The American in London – Part 3- When I see you again…

So, now we are here where I get to explain the person, that for the first 6 months being here was just exhausting and costly. But at the very end something good came that it didn’t come from a gift or from nothing extraordinary. It came from the heart…..

But before we get into this I have to rewind a bit I forgot one last thing in the last part, which I think I should have mention, because this came from the dark times as well. So durin the first couple of months being here that feeling of alone caught up to me to the point, I didn’t leave my room to even socialise with housemates. I just stayed in my room curled and ate sausage and bread in my, nothing more. It was a dark time I will admit, I would be lying if it wasn’t. Someone might be thinking that’s not a big deal, well to that someone remember when I got here, I had no one here , I didn’t know anyone. To be honest I was homesick already I missed my home back in Miami everything my cats and my family and friends, it wasn’t easy but then again no said it was gonna be easy.

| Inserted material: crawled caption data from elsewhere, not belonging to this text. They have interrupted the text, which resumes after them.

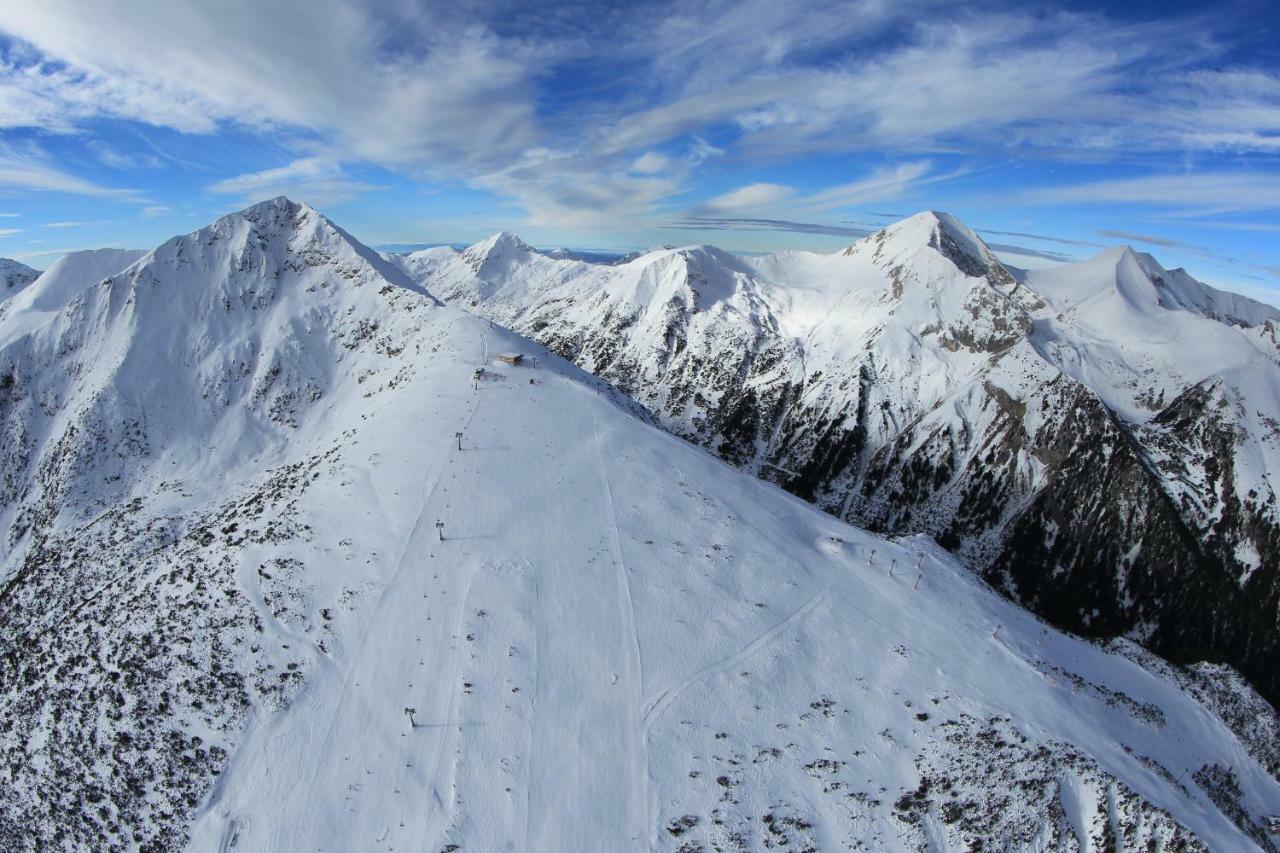 Nice And Quiet Apartment Next To Gondola Lift. Bansko Exterior foto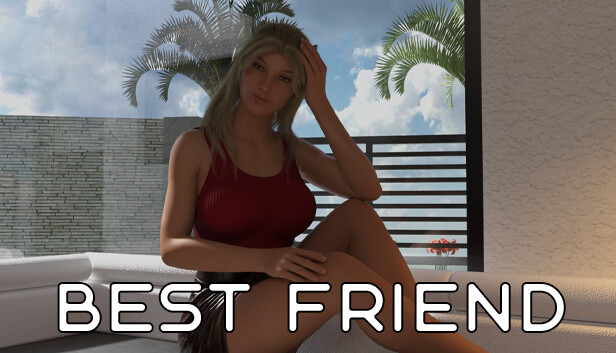 Best Friend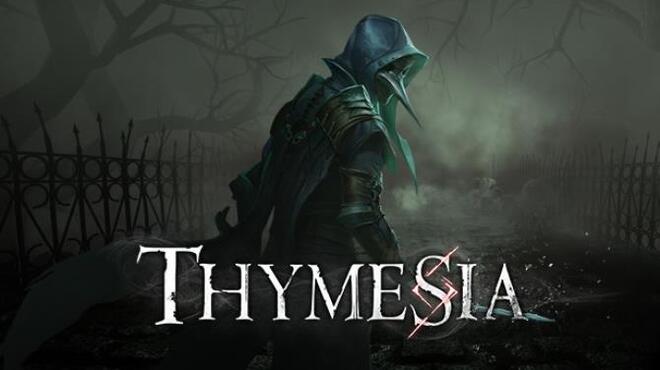 تحميل لعبة Thymesia (v21.24723) مجانا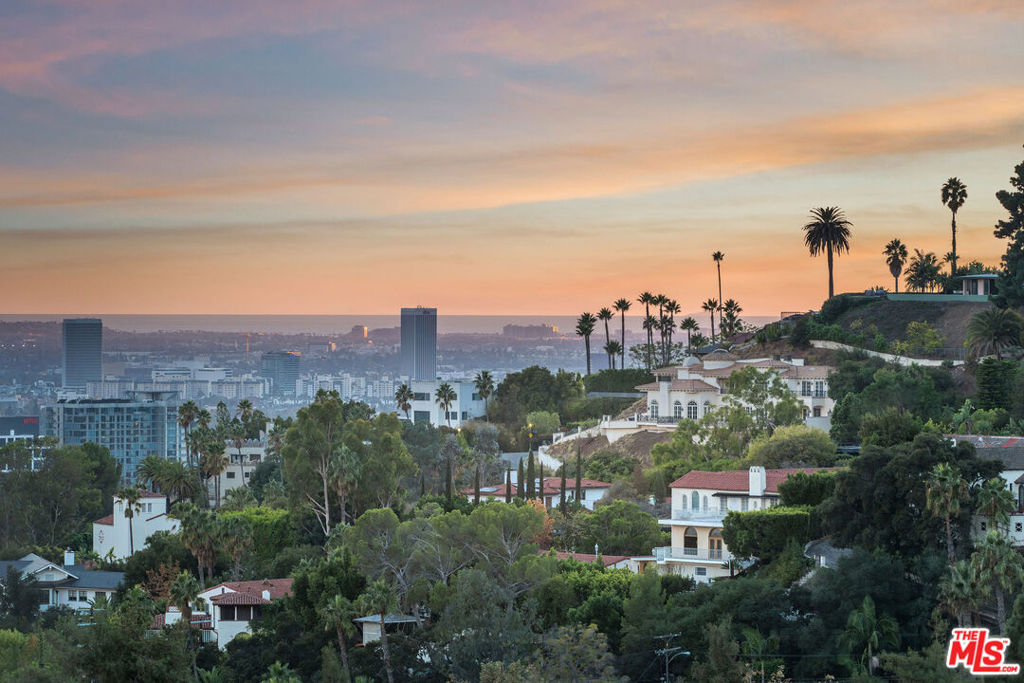 Residential for sale at 2315 N Hobart Boulevard, Los Angeles CA featuring 4 beds and 5 baths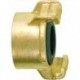 Raccord GEKA plus MS, IG G1.1/2",SB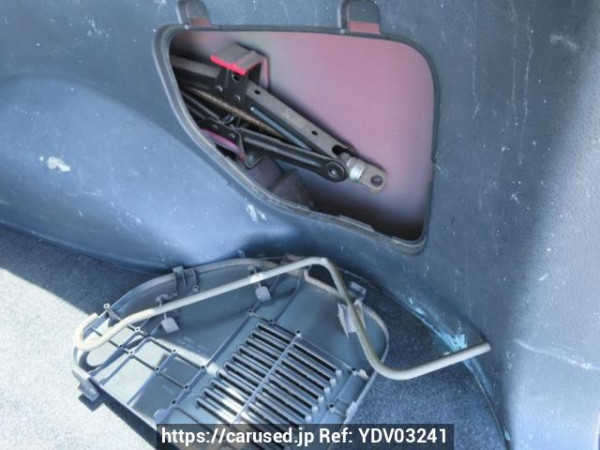 Used 2003 AT toyota succeed-wagon NCP58G Image[44]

So now to regular schedule post.

So, I guess to say the least I was a bit nervous to making contact with her, because I didn’t really her know her that well and also I only here know her mutually by someone else back home. So, I guess the only thing I could say was “hi” and “how are you doing?”. So we are chatting in the mean time about something, anything really. I mean it was odd on both ends I mean we never met before. So we finally agree we should meet each other, I mean if your gonna have one friend in London you should make the attempt to meet correct. So we decided to meet one Friday evening, in the central along the river by Big Ben and we talked about each other because we didn’t know anything about each other just the mutual friend, as the night carried we continued to talk and such and then we separated our way. Then began the roller coaster. That same evening, she messaged me and told me that she missed the mutual person and the fact that he was someone ( *mind you I didn’t know they were something before hand)  so as we continued to talk, it lead her to come out and say…she was going to kill herself and she was dead serious. Naturally I managed to convince her not to do it. 

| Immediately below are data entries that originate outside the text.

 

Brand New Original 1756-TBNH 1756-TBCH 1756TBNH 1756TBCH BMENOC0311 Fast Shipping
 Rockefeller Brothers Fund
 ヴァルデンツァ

So began the wild ride with her, (I would like to state nothing happen between me and her. Just wanted to make that clear.) from that point on I spent it running after her. I am being serious here I was literally running after her, after the Eminem concert she couldn’t stand the fact of being alone that night, next thing I know right after the concert I am at her place, crashed on the bed and then I heard she was throwing up and I cleaned it up and helped her to the restroom to get her self together and clean. There was another time when after a work function she called me ( she was drunk, like she was gone she named her x) and I had plans that night originally but she needed my help so I went I a wild goose chase trying to find her in the capital, now I finally understand the phrase looking for a needle in a haystack, because that’s what it was trying to find her. Of course I didn’t find, I mean I tired to keep in contact with her while I was looking for her, but nope. So I tried  that iPhone Lost thing nope didn’t work.(*mind you I was trying to remember all she told me about the event)  There was a point when I wanted to give up and just head home, but then I thought okay mhm well I am going to her place and wait for her to get home and so I did eventually she came home drunk but she was okay safe and sound.thats how my first to 8 months here spent it running.

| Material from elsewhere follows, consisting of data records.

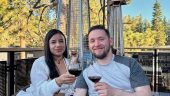 Walking Dinner Tour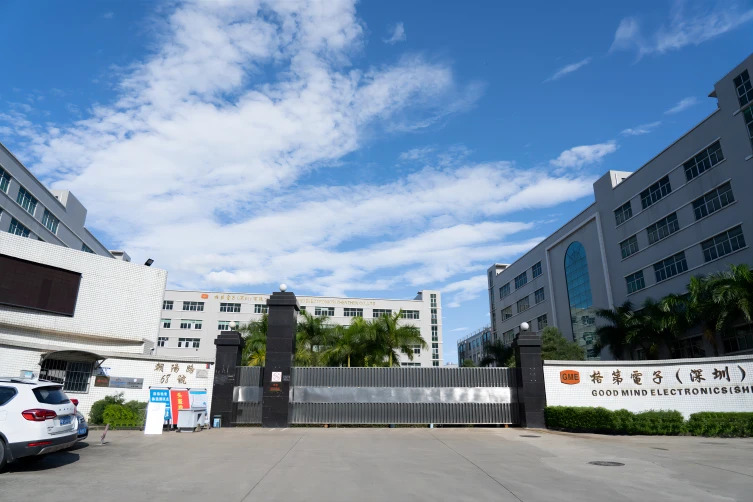 4 Channel HD QAM Modulator
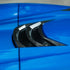 RSC Corvette C8 | Z06 Convertible Hatch Vent | Carbon Fiber - Legends Auto Parts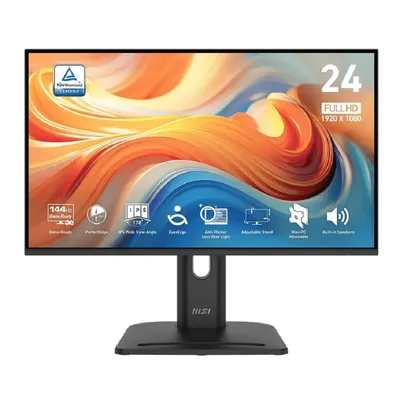 Монитор MICROSTAR 9S6-3PE39M-014, 23.8", IPS, 1920x1080, 144Hz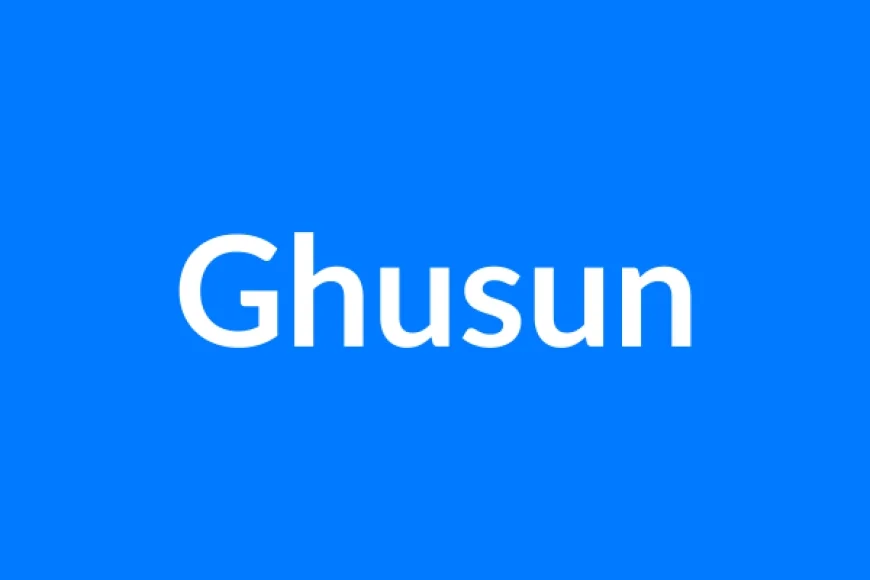 Ghusun नाम का मतलब | Ghusun Name Meaning in Hindi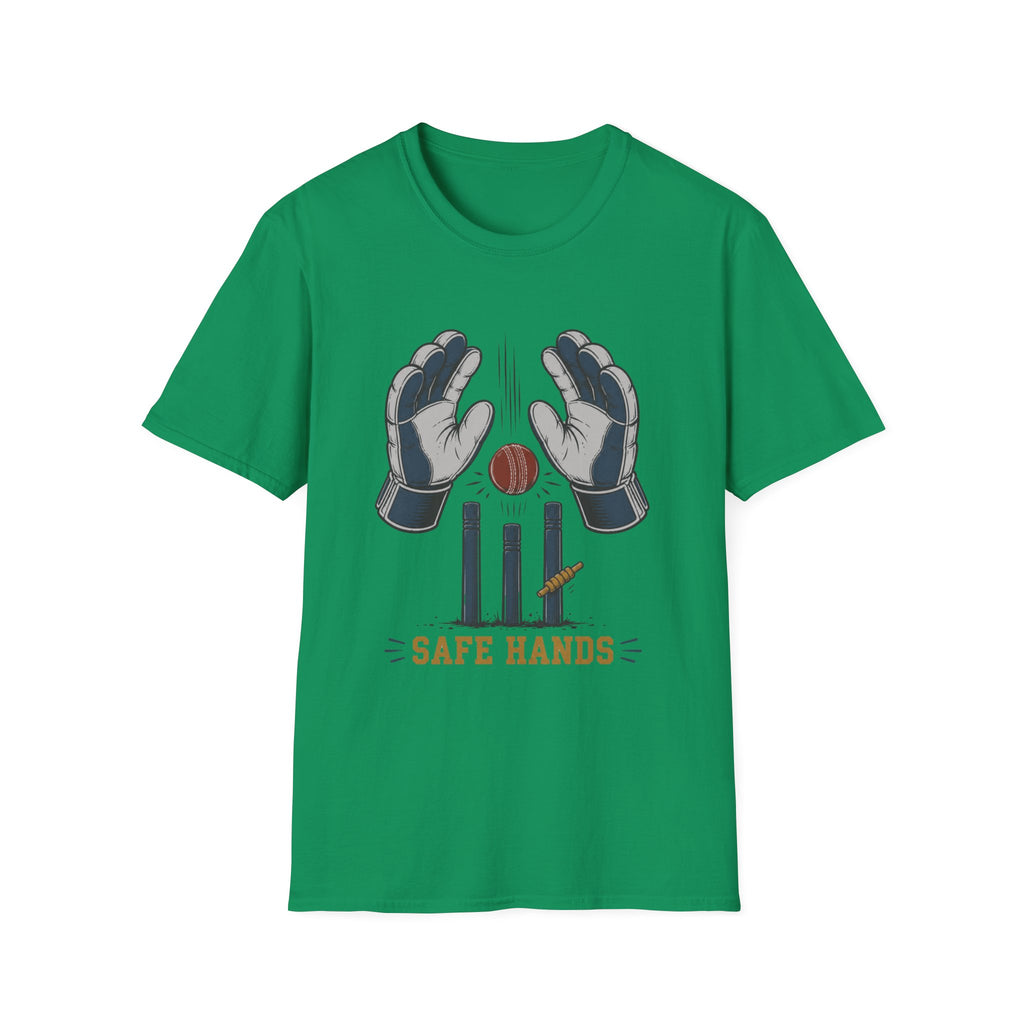 Safe Hands T-Shirt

After the trouble times, one afternoon she had an idea I guess one can say, I was but of the influence on this one. She thought it would be great to travel around Asia for a good couple of years (2-3). She at first wasn’t so fond of the idea but with a little help and convincing I got her going. After what she was going through, I felt she needed the trip more then anything. So then, it started the saving for the big trip she moved back home to her parents and she did just that watched every penny to make this trip a reality. She did ask me to come along, God knows I am always for an adventure. But I told her this is my adventure here in London, this is the beginning for me. 

Remember when I told you,  something great came at the end. Well despite the first  8 months of me running around and keeping her safe and grounded and putting on the bat suite every now and then. When she finally took flight and landed in India at her first leg of her journey, she texted me this…


As for now we still keep in contact,barely but still in communication. As for what happens next for her  I don’t know,  but where ever she is in the world. She will find what she is looking for Happyness.


The American in London Part 2- why do we fall?

So I hope I still have your attention and those grammar nazi are still with me. I didn’t lose you just yet and yet again I do apologise again. 

Better yet lets continue where I left off from the last part, so June 3rd I took flight to London my new home. I am not gonna lie I was quite terrified and nervous for what this adventure lies ahead of him. Just like Bilbo Baggins once said ” it’s dangerous business going out your door. You step onto the road and if you don’t keep your feet, there is no knowing where you might be swept off to.” When I first got here to London, I met up with my uncle who took me to my new home and showed me my room and let me tell you as I look around writing this right now my room is very small I like to think to think it’s Harry Potters under the cupboard very tight space. Okay maybe I am being a bit dramatic, it’s not that small but it is small. Here is where things get a bit dark…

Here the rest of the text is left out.